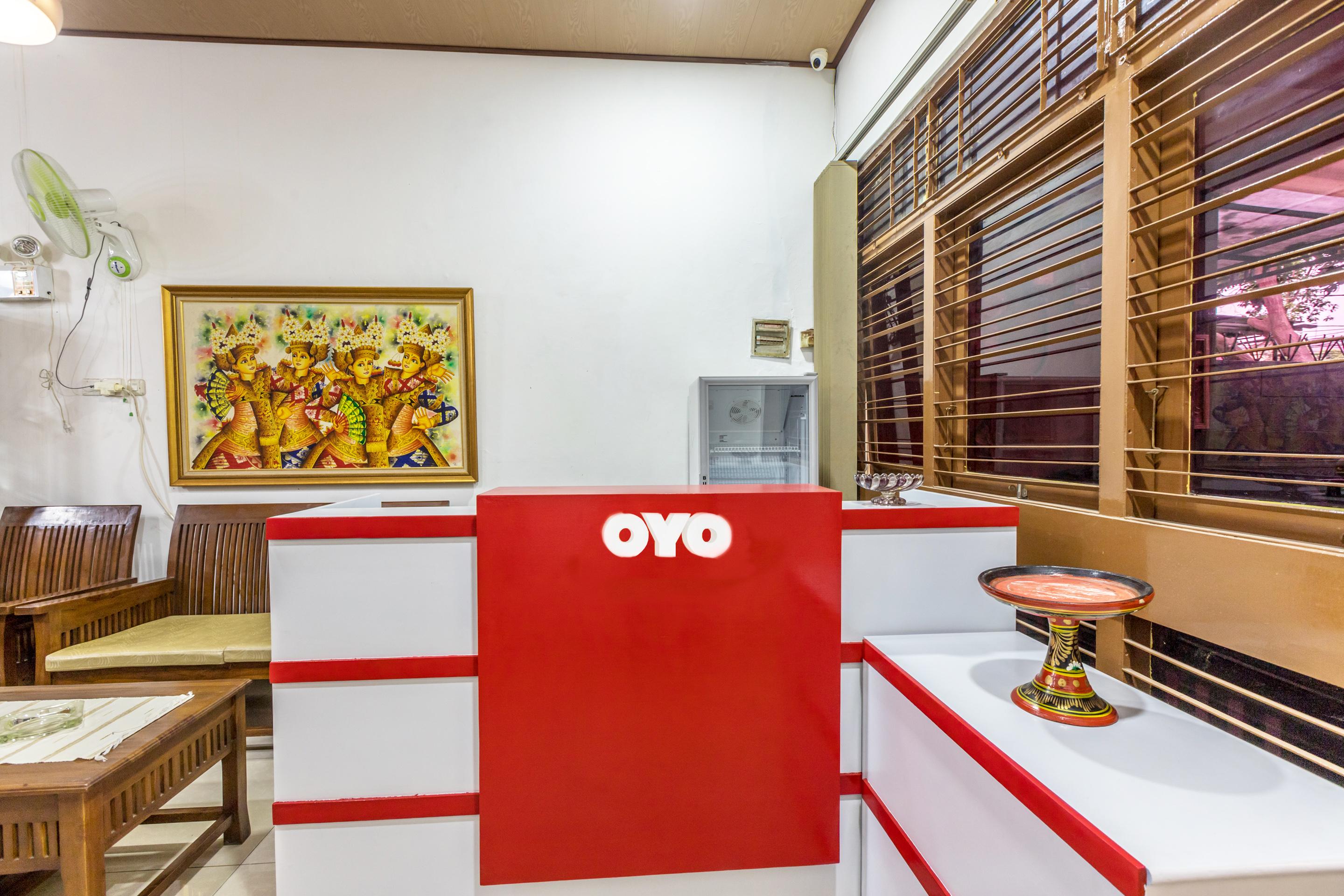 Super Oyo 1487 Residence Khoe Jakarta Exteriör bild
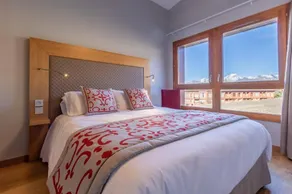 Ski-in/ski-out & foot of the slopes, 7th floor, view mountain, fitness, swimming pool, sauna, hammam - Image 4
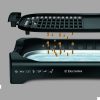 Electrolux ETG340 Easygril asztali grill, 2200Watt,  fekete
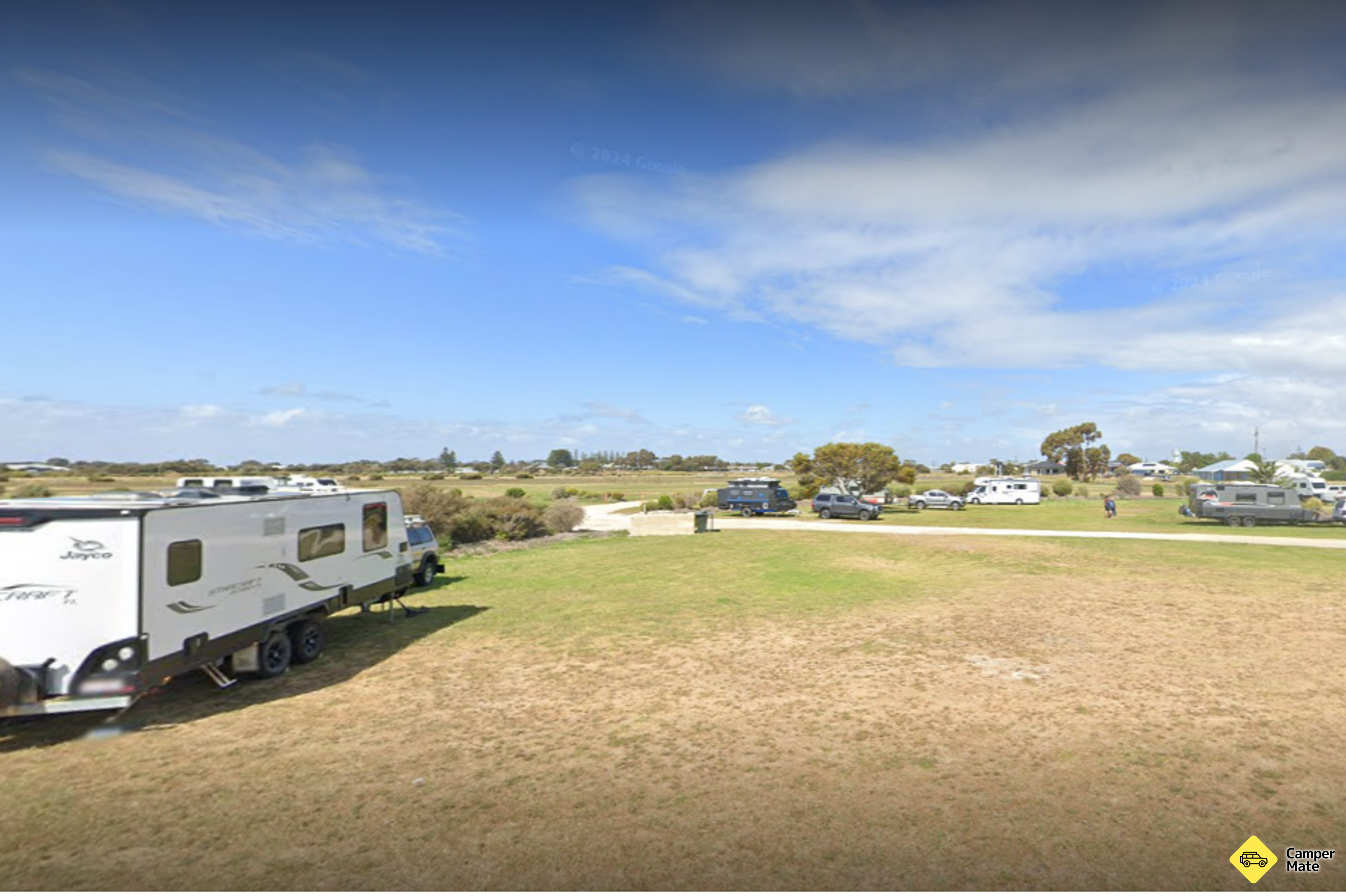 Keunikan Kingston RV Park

****************

__What is needed__
Only the pictures are to be dropped; all other material above must be repeated exactly.

__Completed exercise__
 Super Oyo 1487 Residence Khoe Jakarta Exteriör bild
 Ski-in/ski-out & foot of the slopes, 7th floor, view mountain, fitness, swimming pool, sauna, hammam - Image 4
 Electrolux ETG340 Easygril asztali grill, 2200Watt,  fekete
 Keunikan Kingston RV Park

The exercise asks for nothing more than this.